Computer software company Disguise is also moving into this space, trialling integration with Unreal Engine in its latest systems, setting the stage for immersive live visuals from its legions of users.
The essential component in integrating game engines into live mixed-reality experiences is an effective control
system. Experimental support in the UE 4.25 release allows connection from the Unreal Engine to external controllers and devices that use the DMX protocol. With bidirectional communication and interaction, this means creatives will be able control stage shows and lighting fixtures from Unreal and previs the show in a virtual environment during the design phase.
Many content creation tools are low cost – Blender is free – while sites like Epic Marketplace, KitBash3D and TurboSquid offer a host of free and low-cost models, assets and environments.
“If you were starting out a studio and just wanted to do work, if you’ve got Blender and Unreal, you’ve got an amazing free suite right there,” says Dan May.
After using it during the production of His Dark Materials, Painting Practice released the free Plan V visualisation software. Capable of multi-editor control, it allows users to experiment in real time with different lenses, cameras, animations, lighting and more without extensive knowledge of 3D modelling software.

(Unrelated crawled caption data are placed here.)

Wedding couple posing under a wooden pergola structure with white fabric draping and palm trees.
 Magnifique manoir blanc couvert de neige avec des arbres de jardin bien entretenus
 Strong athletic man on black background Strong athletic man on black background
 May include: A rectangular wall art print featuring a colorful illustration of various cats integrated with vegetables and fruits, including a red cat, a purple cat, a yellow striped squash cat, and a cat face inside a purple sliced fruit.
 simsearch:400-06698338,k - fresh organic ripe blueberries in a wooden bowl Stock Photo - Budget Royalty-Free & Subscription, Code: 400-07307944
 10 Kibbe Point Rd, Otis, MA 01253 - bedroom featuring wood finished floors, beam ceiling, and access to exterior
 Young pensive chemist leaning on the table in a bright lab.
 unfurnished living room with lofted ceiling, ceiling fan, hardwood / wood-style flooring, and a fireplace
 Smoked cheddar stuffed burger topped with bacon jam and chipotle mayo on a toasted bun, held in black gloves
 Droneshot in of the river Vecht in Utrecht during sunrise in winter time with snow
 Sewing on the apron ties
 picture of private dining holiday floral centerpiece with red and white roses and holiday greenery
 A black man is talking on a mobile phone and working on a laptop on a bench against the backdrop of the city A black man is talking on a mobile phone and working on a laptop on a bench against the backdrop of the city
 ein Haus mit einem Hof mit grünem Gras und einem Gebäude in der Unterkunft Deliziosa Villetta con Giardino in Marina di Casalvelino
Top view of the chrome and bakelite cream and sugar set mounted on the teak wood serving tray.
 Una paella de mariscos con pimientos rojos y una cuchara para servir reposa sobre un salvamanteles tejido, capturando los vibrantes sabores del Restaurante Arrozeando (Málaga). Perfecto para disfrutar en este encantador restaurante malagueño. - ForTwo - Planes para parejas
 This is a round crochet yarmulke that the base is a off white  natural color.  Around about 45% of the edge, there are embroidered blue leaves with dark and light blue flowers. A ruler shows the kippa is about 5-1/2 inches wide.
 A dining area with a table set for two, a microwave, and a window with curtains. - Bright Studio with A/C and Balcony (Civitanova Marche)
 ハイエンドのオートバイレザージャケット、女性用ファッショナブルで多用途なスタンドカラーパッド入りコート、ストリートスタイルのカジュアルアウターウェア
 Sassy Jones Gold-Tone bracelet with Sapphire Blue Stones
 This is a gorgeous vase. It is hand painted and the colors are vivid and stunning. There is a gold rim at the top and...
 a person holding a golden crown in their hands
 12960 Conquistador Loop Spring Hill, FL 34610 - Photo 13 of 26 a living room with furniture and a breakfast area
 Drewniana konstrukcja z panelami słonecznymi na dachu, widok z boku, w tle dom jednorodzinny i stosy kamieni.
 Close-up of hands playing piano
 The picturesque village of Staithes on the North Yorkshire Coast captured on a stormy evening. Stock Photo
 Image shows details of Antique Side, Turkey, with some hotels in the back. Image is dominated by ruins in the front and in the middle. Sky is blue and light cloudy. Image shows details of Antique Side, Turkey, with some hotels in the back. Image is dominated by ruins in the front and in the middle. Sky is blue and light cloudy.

It’s going to be even easier to create amazing content as time goes on
As well as recent link-ups with Arri, Mo-Sys and Ncam to support commercial virtual productions, On-Set Facilities (OSF) offers StormCloud, a VPN that allows production crews and talent to come together on virtual sets that are located in the cloud. OSF also recently joined the SRT Alliance to employ SRT, the open-source protocol to transport low-latency timecoded video from any location into Unreal Engine.
“We are approaching a time where the interactive and immersive capabilities of the game world will merge with the fidelity of the video/pre-rendered world delivered through thin clients, no matter where we are,” says Canning. “The combination of edge computing, 5G connectivity and real-time engines will make for a powerful and creative ecosystem.” And all this virtual production technology might just become indispensable in the new era of social distancing and remote production.
“With powerful tools and software in the cloud, and an enhanced ability for artists and technicians to collaborate around the world, it’s going to be even easier to create amazing content as time goes on,” concludes Canning.
This article first featured in the September 2020 issue of FEED magazine.